Are you an internet bad guy? Odds are, probably not. But the new “data retention for all Australians” plan aired by Attorney General Nicola Roxon yesterday is going to tar every Aussie internet user with the same brush as cybercriminals according to Greens Senator Scott Ludlam.

After much to-ing and fro-ing about whether she would support the mandatory data retention scheme, Roxon threw her support behind the plan yesterday, saying in a speech that all Australian ISPs should retain the browsing history of users for up to two years. Roxon said in the speech that without these new powers, law enforcement agencies would be powerless to stop the bad guys of the future.

That’s not how Senator Ludlam sees it though, saying in a blog post that the backflip by the Attorney-General is going to cost Australians their privacy.

“Does the Federal Government really believe all our personal data should be stored by service providers for two years so that every move we make can be surveilled or recalled for later data mining? It is premised on the unjustified paranoia that all Australians are potential criminal suspects,” he wrote.

The Senator goes on to add that Australians are already under more surveillance than could be deemed appropriate.
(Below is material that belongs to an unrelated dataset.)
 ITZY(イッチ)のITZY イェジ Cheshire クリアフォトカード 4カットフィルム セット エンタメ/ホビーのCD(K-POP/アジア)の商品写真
Almost 250,000 requests for user information were made by law enforcement agencies under the guise of the the Telecommunications Interception Act in 2010-11, Ludlam said, and with these new powers will make things that much worse.

“Data retention as envisaged by the Government will entrench huge databases that can be mined for precise patterns of our movements, purchases, interests, friends, and conversations. This interception, copying, recording and disclosure of our data is a means to retroactively police the whole population.
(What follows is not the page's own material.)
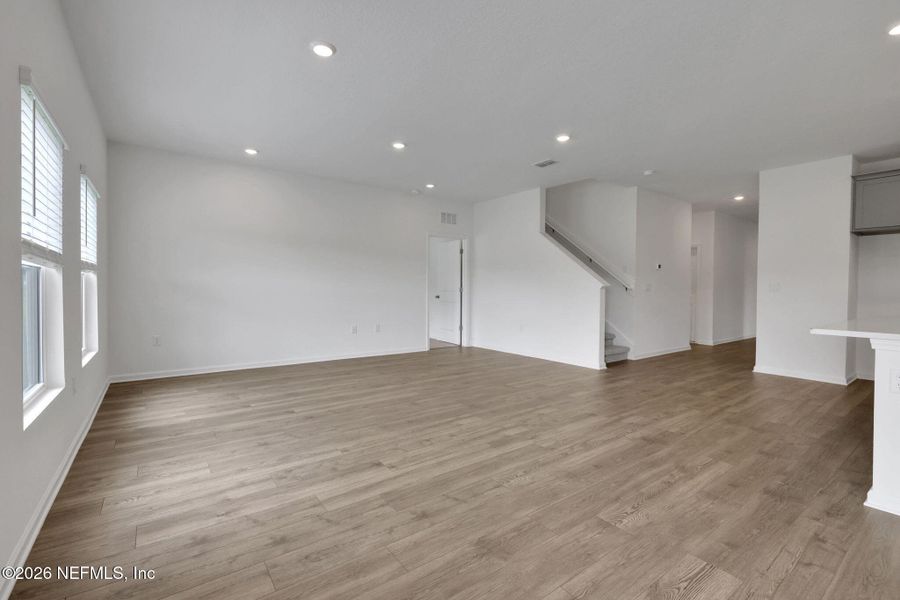 Spacious, unfurnished interior of a new home in Amberly, Green Cove Springs (Image 41).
“We are citizens, not suspects,” he added.

If you don’t think data retention is something to be afraid of, check out David Pope’s latest cartoon featuring a giant cyclops-version of the Attorney General and a request page that we should all be afraid of. It’s not far off the mark.

As Roxon now officially throws her support behind a mandatory data retention scheme, hackers operating under the Operation Australia banner — the same ones that hacked AAPT — have issued a hit-list of sorts, listing targets for cyber attack. The hits started last night, with the Attorney-General’s website being the first hit.